─── Data under study

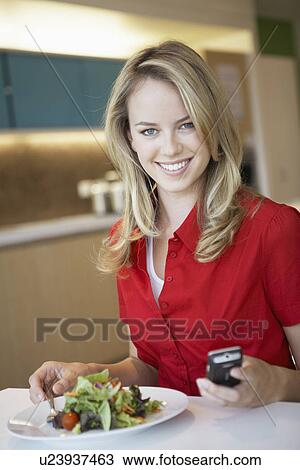 Stock Image - Young woman using cell phone while having lunch. Fotosearch
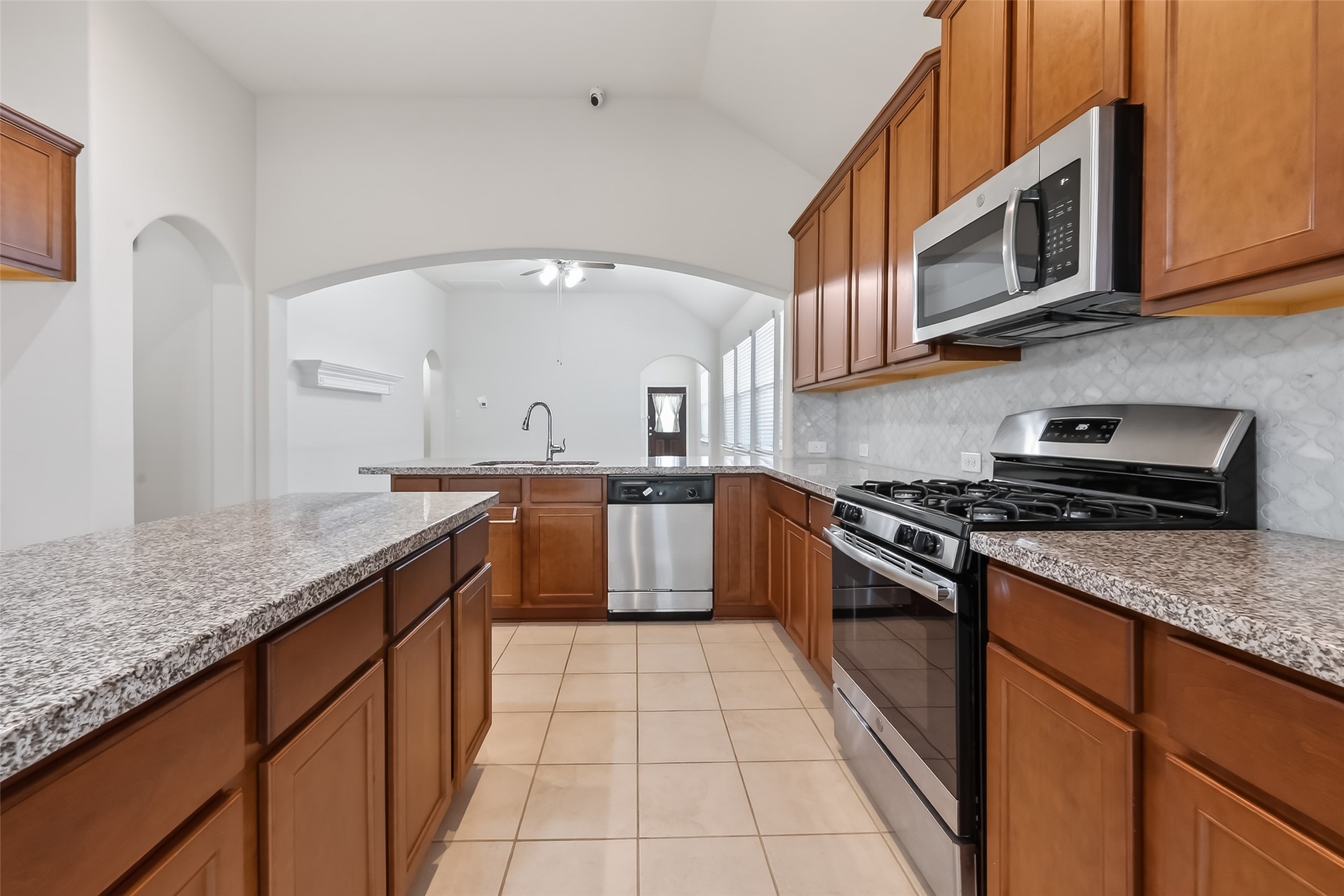 7631 Granite Terrace Lane Houston, TX 77083 - Photo 20 of 46 a kitchen with stainless steel appliances granite countertop a stove a sink and a microwave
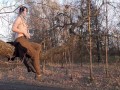 Girl undresses in nature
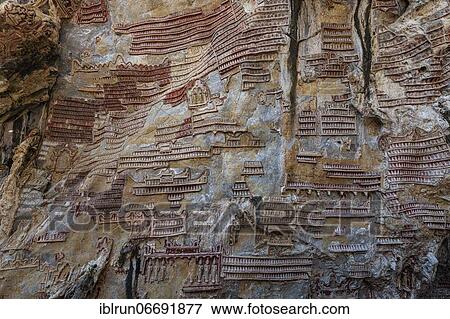Stock Photo - Cave filled with buddhas, Kawgun cave, Hpa-An, Kayin state, Myanmar, Asia. Fotosearch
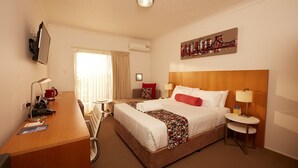 A hotel room with a bed, desk, chair, and a painting on the wall. - Private Room Brisbane (Spring Hill)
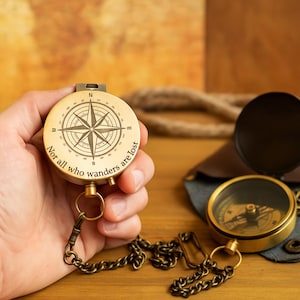 May include: A vintage brass compass with a chain is held in a hand. The compass has a detailed compass rose design and the inscription "Nor all who wanders are lost". A second compass with a black face and open lid is also visible.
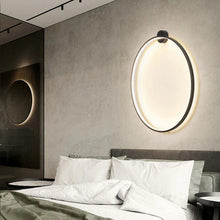 Load image into Gallery viewer, INSPIRA LIFESTYLES – Minimalist Metal Ring Light, a modern circular LED wall light with sleek sculptural design. This versatile wall sconce doubles as accent lighting and wall art, perfect as a bedroom light above a headboard, a living room statement piece, or a minimalist hallway fixture. Contemporary ring light crafted in metal with soft LED illumination, ideal for modern interiors seeking sculptural lighting, circle lights, or functional yet artistic wall sconces.
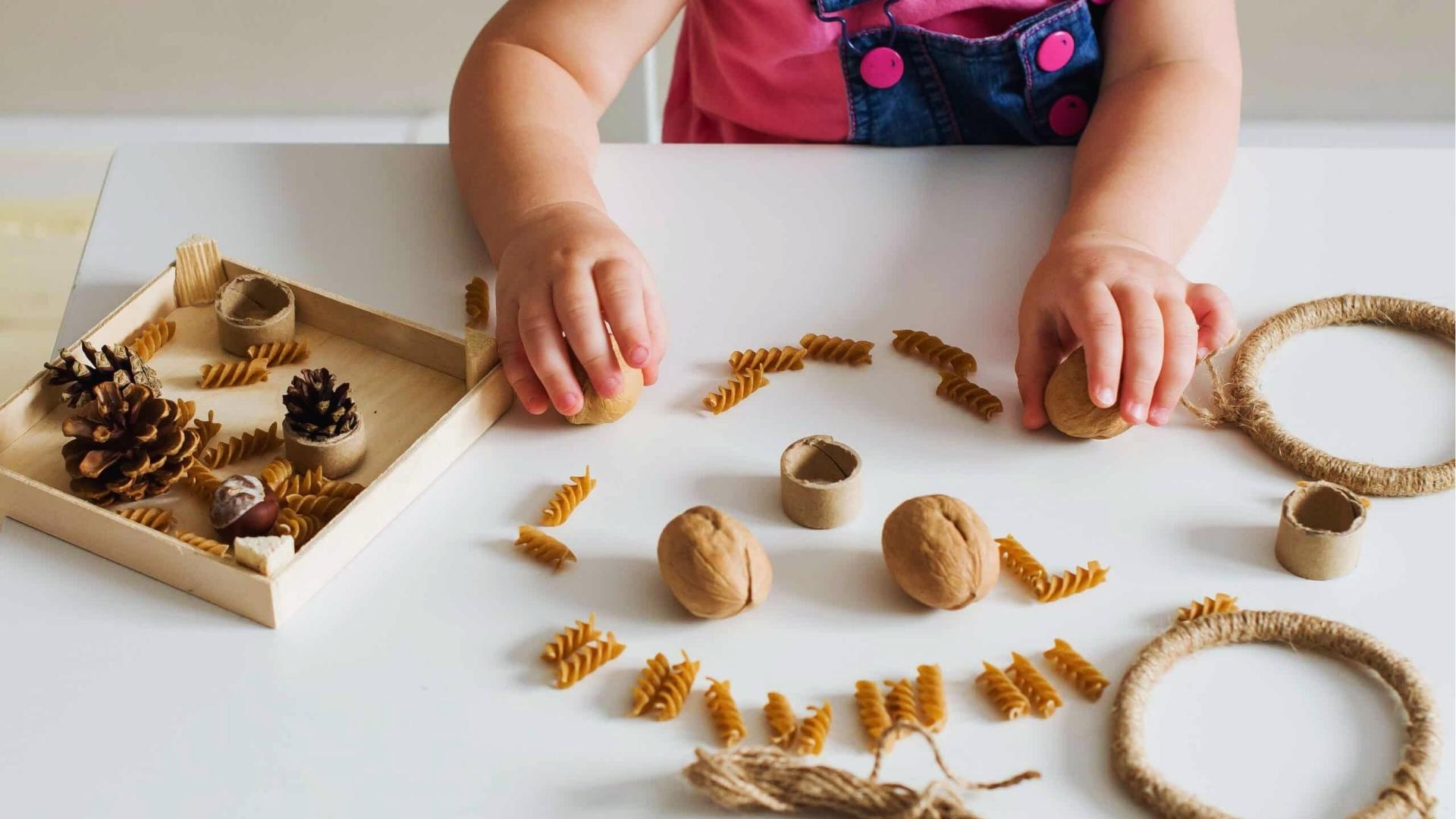 Toddler arranges walnuts and pasta pieces on white table for sensory craft, natural materials, Activities for Autistic Kids.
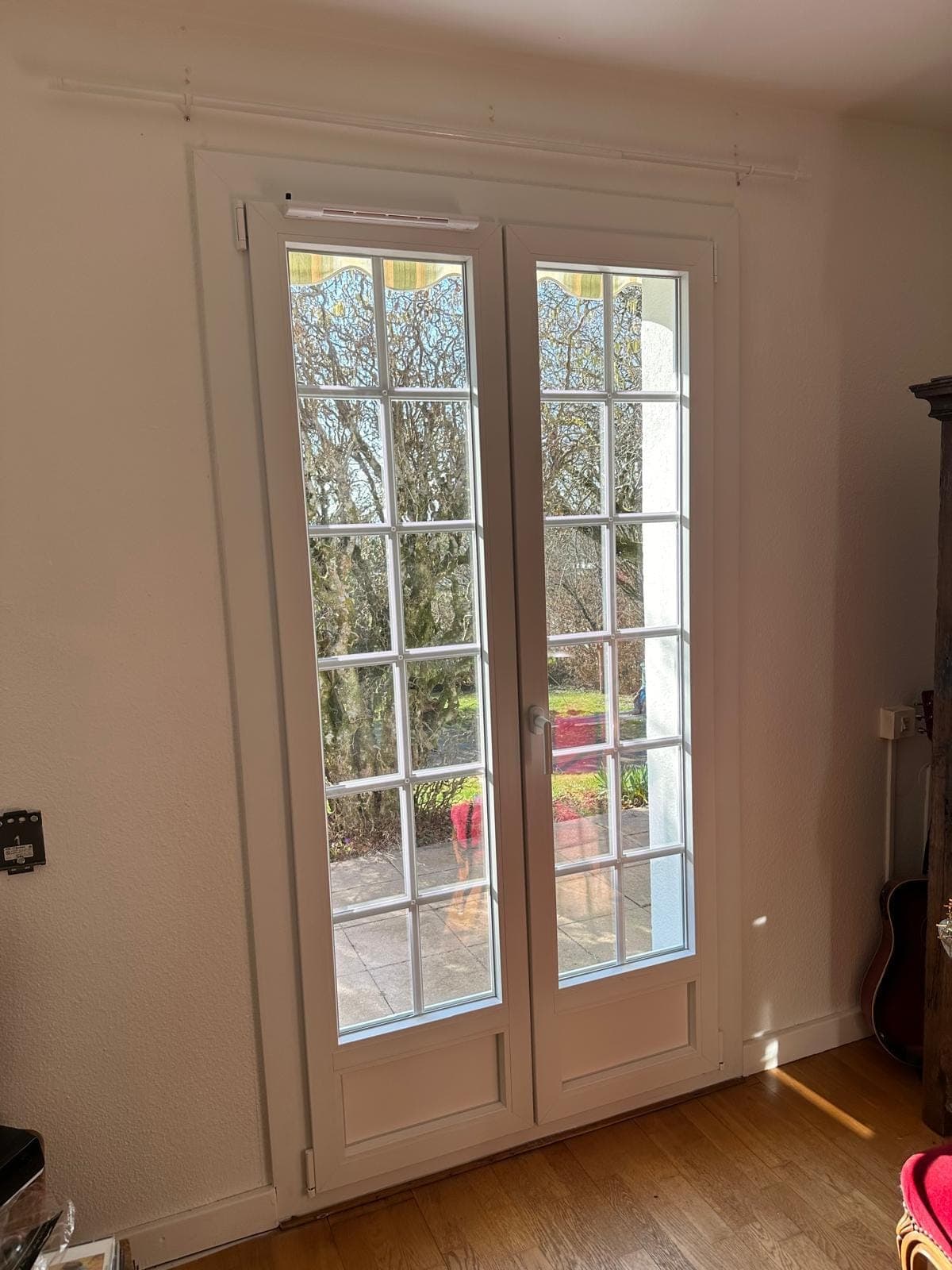 Porte-fenêtre PVC blanche à petits-bois ouvrant sur le jardin, posée par REM Fermetures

──────

§ **Exercise brief**
Transcription of the lines from the one with "Load image into" through the end of the entries is required, exact and with no pictures.

§ **Solution for this task**
 Load image into Gallery viewer, INSPIRA LIFESTYLES – Minimalist Metal Ring Light, a modern circular LED wall light with sleek sculptural design. This versatile wall sconce doubles as accent lighting and wall art, perfect as a bedroom light above a headboard, a living room statement piece, or a minimalist hallway fixture. Contemporary ring light crafted in metal with soft LED illumination, ideal for modern interiors seeking sculptural lighting, circle lights, or functional yet artistic wall sconces.
 Toddler arranges walnuts and pasta pieces on white table for sensory craft, natural materials, Activities for Autistic Kids.
 Porte-fenêtre PVC blanche à petits-bois ouvrant sur le jardin, posée par REM Fermetures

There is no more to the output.